Problem to solve –
Repeat the span of the entries below that starts at the line with "Gildan Cat Beige Crewneck Sweatshirt" and ends at the line with "For Sale: $775,000", nothing more. Skip the pictures.

Exercise inputs –
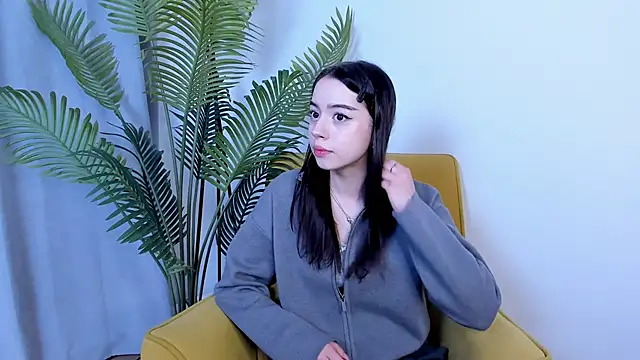 RinaDecos online show from May 3, 2026, 8:20 am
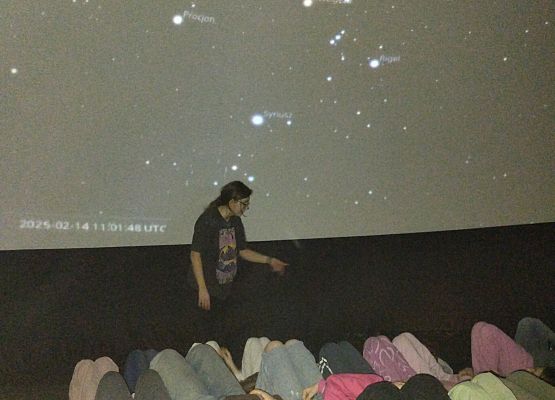 uczniowie oglądają pokaz multimedialny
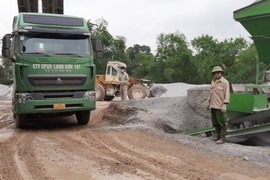 Bắc Giang: Trạm trộn bê tông không phép ngang nhiên hoạt động gây ô nhiễm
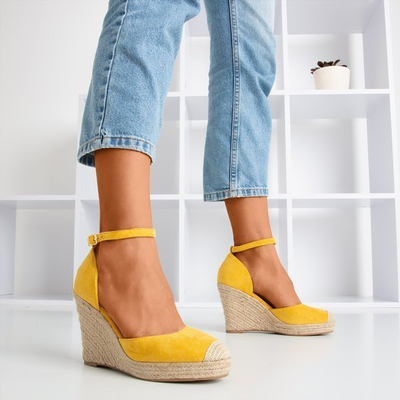 OUTLET Gelbe Espadrilles auf dem Keil Bonita - Schuhe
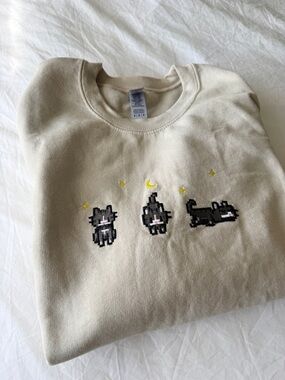 Gildan Cat Beige Crewneck Sweatshirt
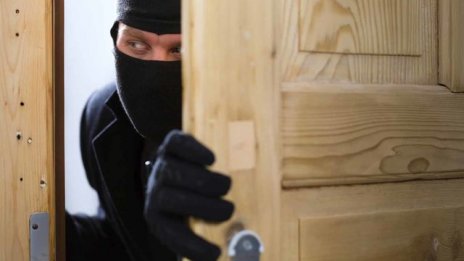 Заловиха млад мъж да краде метал от мазе във Варна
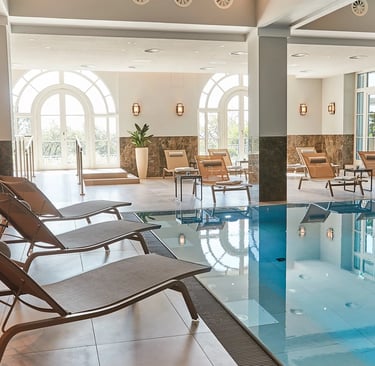 Espace piscine de détente et de luxe aménagé 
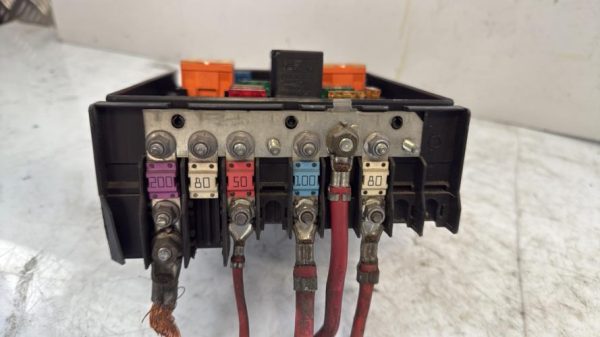 Porte fusible VOLKSWAGEN GOLF 5 Diesel - Image 3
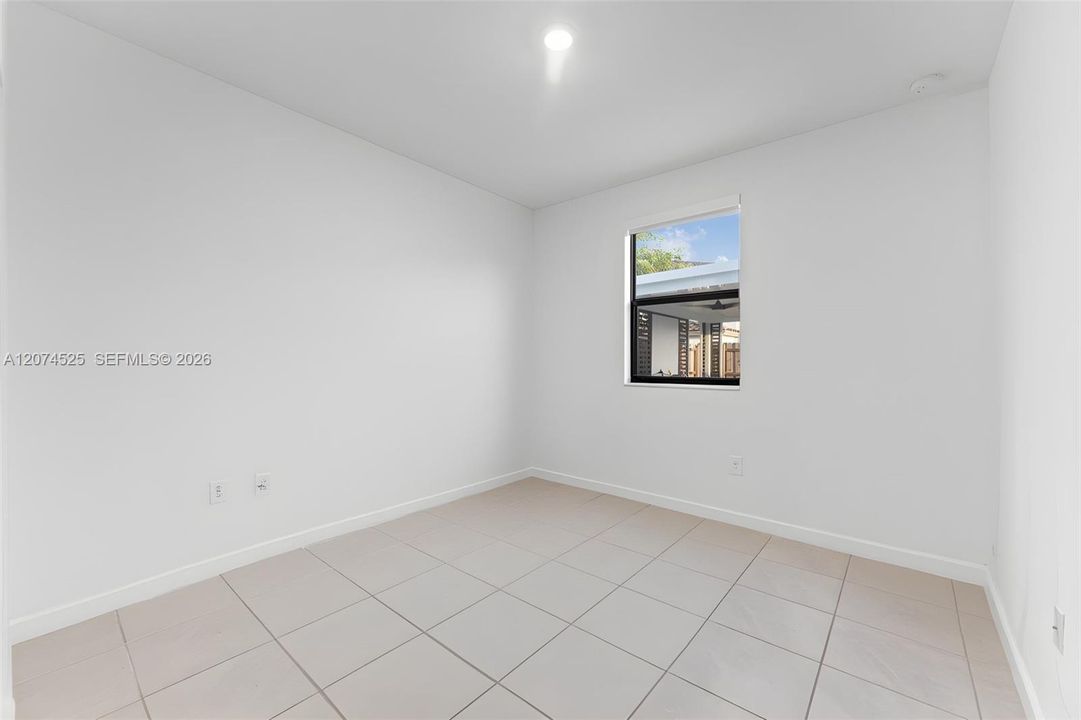 For Sale: $775,000 (5 beds, 3 baths, 2418 Square Feet)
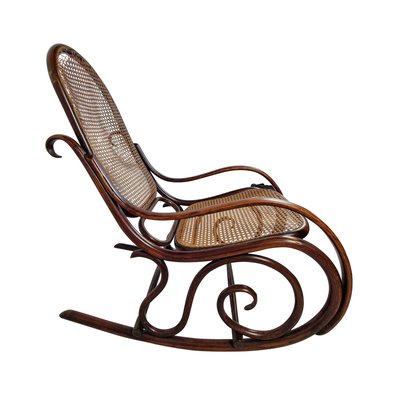 Thonet Sedia A Dondolo Sedia A Dondolo Art Nouveau Di Michael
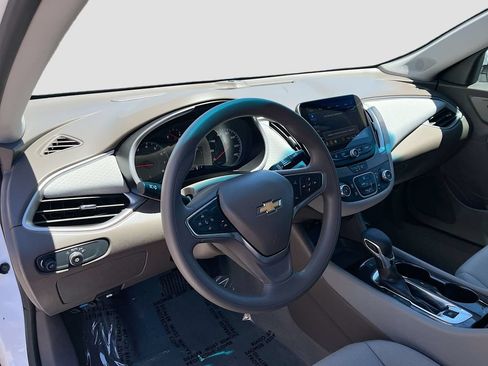 Used 2024 Chevrolet Malibu LS FWD image 9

Task output –
 Gildan Cat Beige Crewneck Sweatshirt
 Заловиха млад мъж да краде метал от мазе във Варна
 Espace piscine de détente et de luxe aménagé 
 Porte fusible VOLKSWAGEN GOLF 5 Diesel - Image 3
 For Sale: $775,000 (5 beds, 3 baths, 2418 Square Feet)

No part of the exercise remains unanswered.